Big data, big risk – investing in a “largely theoretical” industry
Between 31 May 2012 and 26 March 2013, an Australian husband and wife (Mr and Ms Vinson), through their self-managed superannuation funds, invested $1,250,000 and $1,625,000 respectively in a company that never earned any operating revenue.
The company, Semantic Software Asia Pacific Limited (formerly Tralee Technology Holdings Pty Ltd) (Semantic), was a software company looking to establish itself in the big data field.
Last week, the Supreme Court of New South Wales (the Court) upheld a claim made by the couple’s superannuation funds (Ebbsfleet Pty Limited as trustee for Ebbsfleet Superannuation Fund (Ebbsfleet) and McGee Pty Limited as trustee for McGee Superannuation Fund (McGee)), that:
- Mr Mark Bradley, a director of Semantic with effective control of its business, and Semantic were both in breach of a promise made in 10 identical Share Issue Agreements, that the funds’ shares in Semantic would triple in value within 2 years of issue (the Representation); and
- Mr Bradley had no reasonable basis upon which to make the Representation, and thus was in breach of s 18 of the Australian Consumer Law i.e. engaging in misleading or deceptive conduct in trade or commerce.
As a result of these findings, the Court decided that Ebsfleet and McGee were entitled to:
- damages calculated to put the Ebbsfleet and McGee in the position that they would have been in had the promise been fulfilled (i.e. the shares had tripled in value within 2 years); and
- Compensation for loss suffered by reason of the misleading or deceptive conduct, calculated to the value of the investments of Ebsfleet and McGee.

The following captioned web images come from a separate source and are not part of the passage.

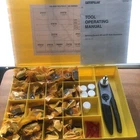 Caterpillar 190-8900 Deutsch Hd-series Field Service Plus Crimp Tool New. Price: $749.77.
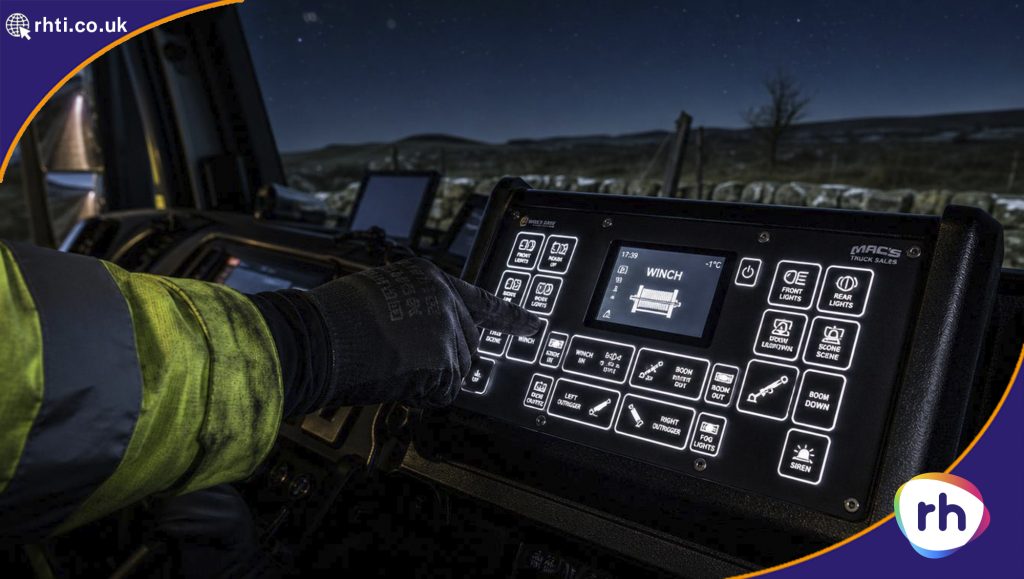 Case Study - Can LED driven backlighting bring illumination to the darkest of nights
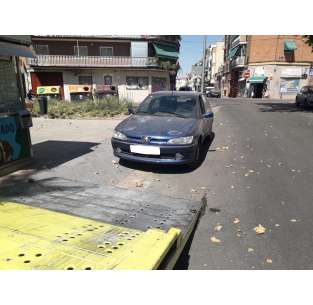 peugeot 306 berlina 3/5 puertas (s1) del año 2000 2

Whether Mr Bradley and Semantic will have the funds available to pay out theses damages and compensation is a matter for time to tell. Interestingly, Mr Bradley represented himself and Semantic in these proceedings.
This case involved important questions of contractual interpretation and the valuation of patents, and the process and findings of the Court in these respects are detailed below. For full reasons see Ebbsfleet Pty Ltd as trustee for Ebbsfleet Superannuation Fund v Semantic Software Asia Pacific Ltd (No 3)  NSWSC 78.
Semantic was seeking private investment for growth, prior to pursuing a sale of its business. Its only material assets were two patents relating to data integration software, owned through a wholly-owned subsidiary of the company.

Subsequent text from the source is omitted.